The Hebrew word sa·risʹ and the Greek word eu·nouʹkhos apply, when used in a literal sense, to a human male who has been castrated. Such were appointed in royal courts as attendants, or caretakers, of the queen, the harem, and the women. (Es 2:3, 12-15; 4:4-6, 9) Because of their closeness to the king’s household, eunuchs of ability often rose to high rank. In a broad sense the term also denoted any official assigned to duties in the court of the king, not indicating that these men were literal eunuchs.
Under the Law covenant, a eunuch was not allowed to become part of the congregation of God’s people. (De 23:1) There is, accordingly, no indication that any of the Israelites or alien residents among them were made eunuchs for service in the palace of Israelite kings. Under the Law, slaves were to be circumcised, not castrated. However, it was the custom of Eastern pagan nations to make eunuchs out of some of the children taken captive in war.

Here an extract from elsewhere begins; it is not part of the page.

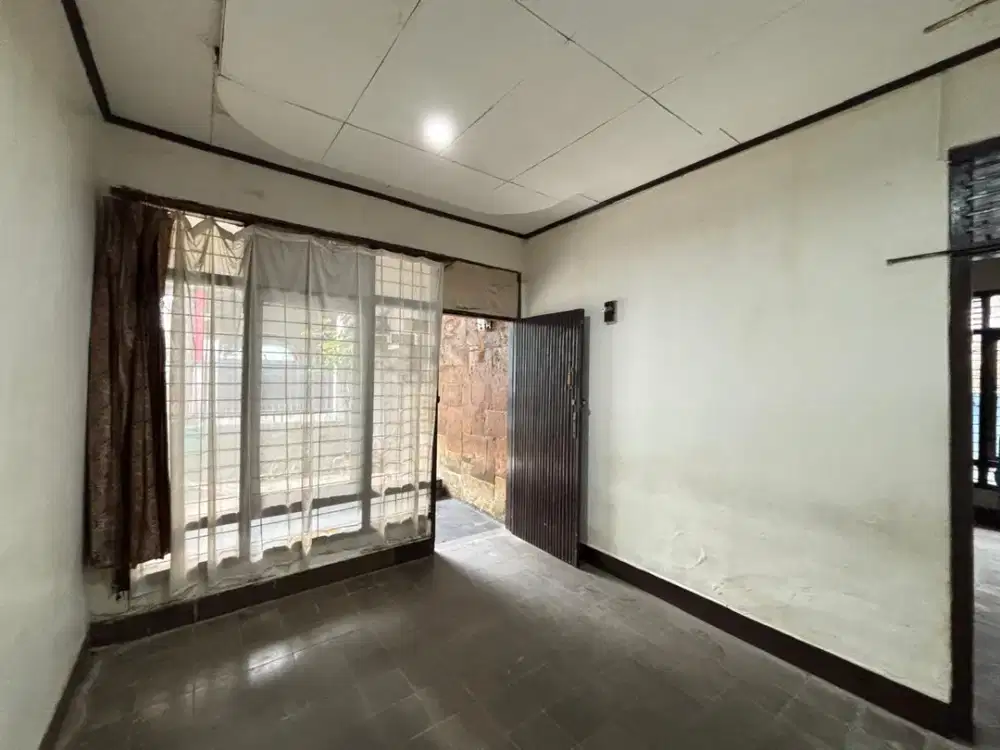 Dijual Calon Rumah Kost Strategis di Sayap Pasirkoja Bandung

The court official who was in charge of the treasury of the queen of Ethiopia and to whom Philip preached is called a eunuch. He was a proselyte to the Jewish religion who had come to Jerusalem to worship God. But since a castrated person was not accepted into the congregation of Israel under the Law, the term eu·nouʹkhos would apply here not literally but in its sense of “court official.” (Ac 8:26-39; De 23:1) Ebed-melech, the Ethiopian who rescued the prophet Jeremiah from imprisonment in a cistern, was a eunuch in the court of King Zedekiah. It would appear that the term here, too, applies in the frequent sense of officer. Ebed-melech seems to have been a man of authority. He appealed directly to King Zedekiah in Jeremiah’s behalf and was given command over 30 men for the rescue operation.—Jer 38:7-13.
Jehovah comfortingly foretold the time when eunuchs would be accepted by him as his servants and, if obedient, would have a name better than sons and daughters. With the abolition of the Law by Jesus Christ, all persons exercising faith, regardless of their former status or condition, could become spiritual sons of God. Fleshly distinctions were removed.—Isa 56:4, 5; Joh 1:12; 1Co 7:24; 2Co 5:16.
Jesus Christ spoke of three classes of eunuchs at Matthew 19:12, saying: “For there are eunuchs that were born such from their mother’s womb, and there are eunuchs that were made eunuchs by men, and there are eunuchs that have made themselves eunuchs on account of the kingdom of the heavens. Let him that can make room for it make room for it.” Those who are said to have “made themselves eunuchs” because of the kingdom are those who exercise self-control so as to apply themselves to the service of God. The apostle Paul recommends this as the “better” course for Christians who do not become “inflamed with passion.” These, he said, could serve the Lord more constantly “without distraction.” (1Co 7:9, 29-38) Such “eunuchs” are not persons who have physically castrated themselves or have been emasculated; instead, these persons voluntarily remain in a state of singleness. No vow of celibacy is recommended by the Bible, and “forbidding to marry” is condemned as one of the marks of the apostasy. In fact, some of the apostles were married men.—1Ti 4:1-3; 1Co 9:5; Mt 8:14; Mr 1:30; Lu 4:38; see COURT OFFICIAL.